Und wieder das Ganze von hinten aufrollen und doch noch was schaffen

Um mit einem klaren Kopf weiterproben zu können, starten wir als erstes eine Aufräumaktion. Bei lauter Musik wird einmal durchgelüftet, werden Brainstormzettel geordnet und neu aufgehängt, Bücher sortiert, Becher gespült, Kabel zusammengerollt und Müll weggeschmissen.
Zuletzt werden die gestrigen Notizen von den jeweiligen Zeiten übersichtlich an eine Seite gelegt.
Ahhh….Freiheit. Zumindest ein bisschen. Und da heute auch endlich mal wieder schönes Wetter ist, stellen wir uns zum Aufwärmtraining raus in die Sonne. Das tut schon mal gut und wir werden alle etwas fitter, hoffentlich auch im Kopf.
Bevor wir nun das Probieren beginnen, müssen wir wissen, was. Es ist schon komisch: Nach unserem kleinen Testlauf am Dienstag waren wir alle sehr erstaunt und froh, wie gut es funktioniert hat. Am Tag darauf haben Eva, Karo und ich die Gespräche mit den Zuschauern und mit Winni ausgewertet und erdachten Verbesserungen und gingen dabei schon sehr ins Detail. Wir mochten unsere Spielidee und waren uns sicher nun länger daran arbeiten zu können und nach und nach Teile zu verbessern und hinzuzufügen. Es wurde konkret.
Auch der Inhalt wurde nun überdacht und endlich klarer: es sollte um Freiheit und Grenzen zwischen Kinder und Erwachsenen gehen. Jetzt kann man gezielt recherchieren. Erziehung, Schule, Familie in den verschiedenen Zeiten. Gut. Das wird, das wird. Dachten wir.
Und plötzlich, wie konnte das passieren:
Wir sitzen 2 Tage später da: und nur noch wirr im Kopf. Tabularasa? Nein das auch nicht. Aber keiner von uns kann sagen, was jetzt eigentlich das Spiel ist. Geht es nun um Zeitampullen oder um diesen Vertrag? Gestern hieß es, wir nehmen die Zukunft einfach aus dem Spiel, die ist nur die Verlockung. Aber bringt uns das was? Wie bekommt man wirklich ein schlüssiges Spielziel hin. Aber wenn die jetzt so gemütlich durch die Zeiten reisen, was haben Eltern und Kinder dann noch miteinander zu tun? Und was steht im Vertrag? Was soll das werden? Hat man als Spieler wirklich Motivation Vertragsfetzen zu finden?

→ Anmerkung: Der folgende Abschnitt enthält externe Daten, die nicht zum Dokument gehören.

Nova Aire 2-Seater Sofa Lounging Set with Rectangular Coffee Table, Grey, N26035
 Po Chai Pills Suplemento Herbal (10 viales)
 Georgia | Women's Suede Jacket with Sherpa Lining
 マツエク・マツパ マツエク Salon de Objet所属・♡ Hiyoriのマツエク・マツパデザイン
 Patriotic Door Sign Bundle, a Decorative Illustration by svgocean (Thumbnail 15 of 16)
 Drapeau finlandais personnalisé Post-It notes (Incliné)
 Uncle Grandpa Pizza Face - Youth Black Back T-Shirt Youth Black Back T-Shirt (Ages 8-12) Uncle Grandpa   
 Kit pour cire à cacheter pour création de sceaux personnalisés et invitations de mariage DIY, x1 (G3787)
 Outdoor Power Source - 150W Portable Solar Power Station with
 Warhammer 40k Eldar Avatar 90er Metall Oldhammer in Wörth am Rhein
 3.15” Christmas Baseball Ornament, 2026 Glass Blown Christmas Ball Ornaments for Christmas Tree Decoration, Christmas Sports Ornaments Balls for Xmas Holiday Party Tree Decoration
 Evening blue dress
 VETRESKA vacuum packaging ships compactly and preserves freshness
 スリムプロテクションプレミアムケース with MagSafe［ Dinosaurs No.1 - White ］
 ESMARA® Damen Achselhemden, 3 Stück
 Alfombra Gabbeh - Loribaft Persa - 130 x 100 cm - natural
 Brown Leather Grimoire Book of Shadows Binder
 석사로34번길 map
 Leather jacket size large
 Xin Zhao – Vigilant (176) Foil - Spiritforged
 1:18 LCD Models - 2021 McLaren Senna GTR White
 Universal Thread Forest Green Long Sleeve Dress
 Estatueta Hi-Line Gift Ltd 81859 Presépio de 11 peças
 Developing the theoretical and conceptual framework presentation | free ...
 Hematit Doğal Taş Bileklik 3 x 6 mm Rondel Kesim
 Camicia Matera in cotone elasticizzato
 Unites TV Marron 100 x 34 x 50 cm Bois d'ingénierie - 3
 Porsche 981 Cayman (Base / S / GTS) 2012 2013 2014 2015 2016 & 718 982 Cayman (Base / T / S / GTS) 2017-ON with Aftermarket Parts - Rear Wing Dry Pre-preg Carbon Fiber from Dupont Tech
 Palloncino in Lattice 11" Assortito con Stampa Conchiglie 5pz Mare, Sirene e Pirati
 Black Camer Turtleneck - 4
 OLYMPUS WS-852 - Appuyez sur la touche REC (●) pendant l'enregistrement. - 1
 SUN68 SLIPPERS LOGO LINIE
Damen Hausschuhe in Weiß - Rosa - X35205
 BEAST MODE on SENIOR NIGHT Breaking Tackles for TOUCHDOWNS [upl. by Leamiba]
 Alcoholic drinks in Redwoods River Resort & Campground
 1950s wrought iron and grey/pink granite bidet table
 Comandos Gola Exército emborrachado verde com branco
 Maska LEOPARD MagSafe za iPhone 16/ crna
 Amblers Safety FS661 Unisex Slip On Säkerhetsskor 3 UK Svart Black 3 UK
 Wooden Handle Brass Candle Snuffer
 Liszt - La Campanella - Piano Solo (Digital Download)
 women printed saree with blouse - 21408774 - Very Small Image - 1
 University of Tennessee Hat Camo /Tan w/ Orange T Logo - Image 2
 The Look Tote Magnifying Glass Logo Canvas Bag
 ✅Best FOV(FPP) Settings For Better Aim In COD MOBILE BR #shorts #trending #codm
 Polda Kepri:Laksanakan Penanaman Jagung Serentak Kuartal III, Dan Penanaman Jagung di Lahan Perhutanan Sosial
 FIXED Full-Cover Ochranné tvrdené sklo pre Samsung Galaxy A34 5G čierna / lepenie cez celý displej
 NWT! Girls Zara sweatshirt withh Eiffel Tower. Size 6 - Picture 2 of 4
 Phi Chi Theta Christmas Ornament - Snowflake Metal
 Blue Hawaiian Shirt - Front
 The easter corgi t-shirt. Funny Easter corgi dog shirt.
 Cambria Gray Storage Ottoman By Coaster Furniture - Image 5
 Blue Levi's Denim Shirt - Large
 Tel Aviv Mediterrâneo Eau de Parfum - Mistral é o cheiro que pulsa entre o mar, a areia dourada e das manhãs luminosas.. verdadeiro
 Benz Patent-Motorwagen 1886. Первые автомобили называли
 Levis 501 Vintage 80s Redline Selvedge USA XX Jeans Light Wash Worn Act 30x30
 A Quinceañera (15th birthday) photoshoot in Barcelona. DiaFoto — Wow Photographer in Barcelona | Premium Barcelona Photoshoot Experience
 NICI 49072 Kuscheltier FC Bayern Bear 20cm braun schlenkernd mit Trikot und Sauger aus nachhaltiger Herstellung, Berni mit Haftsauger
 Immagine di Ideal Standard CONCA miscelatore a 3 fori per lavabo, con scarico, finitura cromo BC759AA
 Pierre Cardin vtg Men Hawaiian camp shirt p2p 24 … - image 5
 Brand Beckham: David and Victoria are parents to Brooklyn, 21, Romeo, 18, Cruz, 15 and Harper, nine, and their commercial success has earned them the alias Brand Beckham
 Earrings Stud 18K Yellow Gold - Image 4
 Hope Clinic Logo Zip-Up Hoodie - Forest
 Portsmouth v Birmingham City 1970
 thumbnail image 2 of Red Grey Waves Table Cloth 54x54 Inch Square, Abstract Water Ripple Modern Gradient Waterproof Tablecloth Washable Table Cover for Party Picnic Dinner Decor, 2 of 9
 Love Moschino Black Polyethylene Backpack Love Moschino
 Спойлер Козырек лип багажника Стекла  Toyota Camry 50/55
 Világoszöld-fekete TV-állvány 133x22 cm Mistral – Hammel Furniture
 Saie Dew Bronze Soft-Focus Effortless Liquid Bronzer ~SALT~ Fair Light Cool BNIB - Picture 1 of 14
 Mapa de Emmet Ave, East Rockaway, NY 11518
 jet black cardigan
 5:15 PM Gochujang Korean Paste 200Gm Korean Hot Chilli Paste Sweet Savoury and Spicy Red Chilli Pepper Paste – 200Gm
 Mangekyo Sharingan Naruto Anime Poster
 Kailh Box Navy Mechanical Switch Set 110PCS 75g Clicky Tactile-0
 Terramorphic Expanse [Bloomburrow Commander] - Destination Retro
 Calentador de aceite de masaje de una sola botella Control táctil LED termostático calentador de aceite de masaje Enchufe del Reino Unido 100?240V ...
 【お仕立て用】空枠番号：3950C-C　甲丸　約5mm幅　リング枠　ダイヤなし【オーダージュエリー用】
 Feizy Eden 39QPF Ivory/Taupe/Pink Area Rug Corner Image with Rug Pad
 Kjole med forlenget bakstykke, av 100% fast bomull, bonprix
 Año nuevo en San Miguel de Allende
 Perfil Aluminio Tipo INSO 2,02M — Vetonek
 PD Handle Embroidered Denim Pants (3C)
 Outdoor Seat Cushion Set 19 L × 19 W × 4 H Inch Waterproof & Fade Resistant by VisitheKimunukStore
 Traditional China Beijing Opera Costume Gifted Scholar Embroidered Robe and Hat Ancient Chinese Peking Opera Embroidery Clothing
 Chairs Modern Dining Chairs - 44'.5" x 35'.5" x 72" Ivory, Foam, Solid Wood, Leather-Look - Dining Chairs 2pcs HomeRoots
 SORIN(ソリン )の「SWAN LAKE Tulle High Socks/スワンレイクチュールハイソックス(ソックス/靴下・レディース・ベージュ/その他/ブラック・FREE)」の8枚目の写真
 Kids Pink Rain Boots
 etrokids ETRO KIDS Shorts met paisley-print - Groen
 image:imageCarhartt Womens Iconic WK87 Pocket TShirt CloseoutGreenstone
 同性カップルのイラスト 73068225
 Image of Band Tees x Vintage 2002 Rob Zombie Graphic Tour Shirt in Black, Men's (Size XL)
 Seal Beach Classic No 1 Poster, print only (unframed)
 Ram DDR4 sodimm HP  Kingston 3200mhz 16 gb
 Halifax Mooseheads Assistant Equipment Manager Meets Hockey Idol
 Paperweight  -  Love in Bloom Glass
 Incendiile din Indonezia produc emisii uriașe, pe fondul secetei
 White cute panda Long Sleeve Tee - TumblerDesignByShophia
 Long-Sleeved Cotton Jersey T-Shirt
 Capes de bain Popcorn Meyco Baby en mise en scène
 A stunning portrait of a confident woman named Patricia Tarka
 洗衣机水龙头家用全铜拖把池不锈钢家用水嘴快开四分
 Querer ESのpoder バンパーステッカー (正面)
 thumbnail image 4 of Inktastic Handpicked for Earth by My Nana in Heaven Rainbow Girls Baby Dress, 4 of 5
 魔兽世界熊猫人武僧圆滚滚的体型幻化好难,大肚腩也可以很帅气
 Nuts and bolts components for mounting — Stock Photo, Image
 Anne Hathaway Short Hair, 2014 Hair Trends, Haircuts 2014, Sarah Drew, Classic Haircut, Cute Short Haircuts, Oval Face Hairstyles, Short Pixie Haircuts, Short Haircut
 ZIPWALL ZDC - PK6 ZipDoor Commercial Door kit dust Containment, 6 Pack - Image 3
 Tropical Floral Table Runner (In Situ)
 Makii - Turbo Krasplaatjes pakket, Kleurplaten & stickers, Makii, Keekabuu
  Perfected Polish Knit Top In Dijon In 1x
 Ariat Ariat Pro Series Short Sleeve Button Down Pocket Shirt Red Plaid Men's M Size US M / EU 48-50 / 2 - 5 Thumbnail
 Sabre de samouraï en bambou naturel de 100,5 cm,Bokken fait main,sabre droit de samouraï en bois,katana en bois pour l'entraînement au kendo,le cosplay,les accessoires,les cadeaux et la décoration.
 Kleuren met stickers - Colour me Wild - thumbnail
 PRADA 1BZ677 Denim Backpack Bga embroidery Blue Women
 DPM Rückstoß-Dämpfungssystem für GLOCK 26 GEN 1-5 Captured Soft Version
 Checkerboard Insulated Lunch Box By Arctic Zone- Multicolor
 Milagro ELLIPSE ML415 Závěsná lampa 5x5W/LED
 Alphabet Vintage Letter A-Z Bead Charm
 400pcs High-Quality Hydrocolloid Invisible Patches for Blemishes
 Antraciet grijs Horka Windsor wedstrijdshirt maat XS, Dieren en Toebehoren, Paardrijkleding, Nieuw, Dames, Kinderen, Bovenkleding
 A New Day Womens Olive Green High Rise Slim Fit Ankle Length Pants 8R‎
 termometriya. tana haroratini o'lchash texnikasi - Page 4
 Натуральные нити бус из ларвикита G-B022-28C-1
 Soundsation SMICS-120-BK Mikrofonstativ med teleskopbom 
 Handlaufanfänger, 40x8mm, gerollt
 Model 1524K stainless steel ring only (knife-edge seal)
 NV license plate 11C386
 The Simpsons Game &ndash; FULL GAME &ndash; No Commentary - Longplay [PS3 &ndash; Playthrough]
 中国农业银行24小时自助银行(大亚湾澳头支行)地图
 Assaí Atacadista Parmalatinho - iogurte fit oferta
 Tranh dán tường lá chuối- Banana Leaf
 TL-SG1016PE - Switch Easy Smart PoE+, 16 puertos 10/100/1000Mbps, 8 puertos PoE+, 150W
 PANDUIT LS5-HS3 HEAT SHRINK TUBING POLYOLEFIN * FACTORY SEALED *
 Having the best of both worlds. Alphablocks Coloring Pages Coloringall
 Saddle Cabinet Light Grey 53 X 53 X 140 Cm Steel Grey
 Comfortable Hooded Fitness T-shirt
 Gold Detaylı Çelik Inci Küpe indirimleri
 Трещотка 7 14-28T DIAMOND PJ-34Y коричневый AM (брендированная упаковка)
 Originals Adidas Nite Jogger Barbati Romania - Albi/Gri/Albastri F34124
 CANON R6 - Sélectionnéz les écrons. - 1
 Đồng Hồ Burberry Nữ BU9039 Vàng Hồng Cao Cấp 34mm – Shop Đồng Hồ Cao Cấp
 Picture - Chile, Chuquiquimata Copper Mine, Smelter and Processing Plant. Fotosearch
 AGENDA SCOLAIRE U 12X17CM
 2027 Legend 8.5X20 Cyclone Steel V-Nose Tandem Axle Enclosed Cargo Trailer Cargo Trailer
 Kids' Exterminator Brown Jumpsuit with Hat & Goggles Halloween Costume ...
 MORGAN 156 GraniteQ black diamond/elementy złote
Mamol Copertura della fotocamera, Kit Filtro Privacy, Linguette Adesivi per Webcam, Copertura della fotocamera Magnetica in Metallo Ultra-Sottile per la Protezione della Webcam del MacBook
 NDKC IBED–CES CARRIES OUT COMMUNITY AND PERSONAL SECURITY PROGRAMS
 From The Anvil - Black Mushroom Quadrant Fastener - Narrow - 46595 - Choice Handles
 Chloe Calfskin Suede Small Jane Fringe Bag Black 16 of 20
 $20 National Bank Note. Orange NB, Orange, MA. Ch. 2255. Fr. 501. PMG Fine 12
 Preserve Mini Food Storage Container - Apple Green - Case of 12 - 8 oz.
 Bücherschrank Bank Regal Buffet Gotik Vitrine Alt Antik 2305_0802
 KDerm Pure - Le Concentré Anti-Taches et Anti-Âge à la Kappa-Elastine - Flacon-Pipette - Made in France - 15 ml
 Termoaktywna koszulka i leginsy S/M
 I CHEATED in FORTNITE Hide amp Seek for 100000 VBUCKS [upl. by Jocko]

Hier steigen wir nun ein. Eine Diskussion über den Vertrag: Ist er vorformuliert? Um was geht es dann? Oder ist es doch ein Pakt zwischen Eltern und Kindern: Die Kinder wünschen sich etwas von den Eltern, was sie heute nicht machen können und die Eltern sich etwas von den Kindern, was sie nach deren Tod machen. Aber das gibt es schon von einem anderen Theater und hilft uns das wirklich? Aber klar ist, dass der Vertrag relevanz haben soll, für das hier und jetzt. Mit dem realen Leben etwas zu tu haben soll.
Dann nochmal der Versuch einer Regel: Es geht um Zeit. Man braucht genug Zeit. Man muss in die verschiedenen Zeiten reisen und dort ein Stück des Vertrages finden, mit jedem Vertragsstück bekommt man etwas mehr Zeit und erst wenn es alle Teile gibt schließt sich der Zeitkreislauf. Kurz denken wir: Ja geht doch. Dann wieder: aber was genau steht dann darin, etwas über die jeweilige Zeit, inspiriert aus der Zeit? Dann ist das wieder so festgelegt. Die Teilnehmer sollen ja ihre eigene Meinung äußern können…ob etwas als positiv oder negativ bewertet wird, auch. Schwer.
Vielleicht bremst uns der Vertrag auch? Auch wenn er uns eigentlich das wichtigste an unserem Vorhaben scheint und wir eben nicht einfach so ein Game sein wollen…puhh
Aber lasst es uns es erstmal ganz simpel halten. Die Zeit als Spielziel hat ja funktioniert im Test. Das war eine klare Ansage: die Zeit darf nicht ablaufen und ihr müsst mehr Zeit erspielen damit sich der Kreislauf schließt.
Das heißt in jeder Zeitstation kann man Zeit in Form von Wasserampullen erspielen. Darum geht es.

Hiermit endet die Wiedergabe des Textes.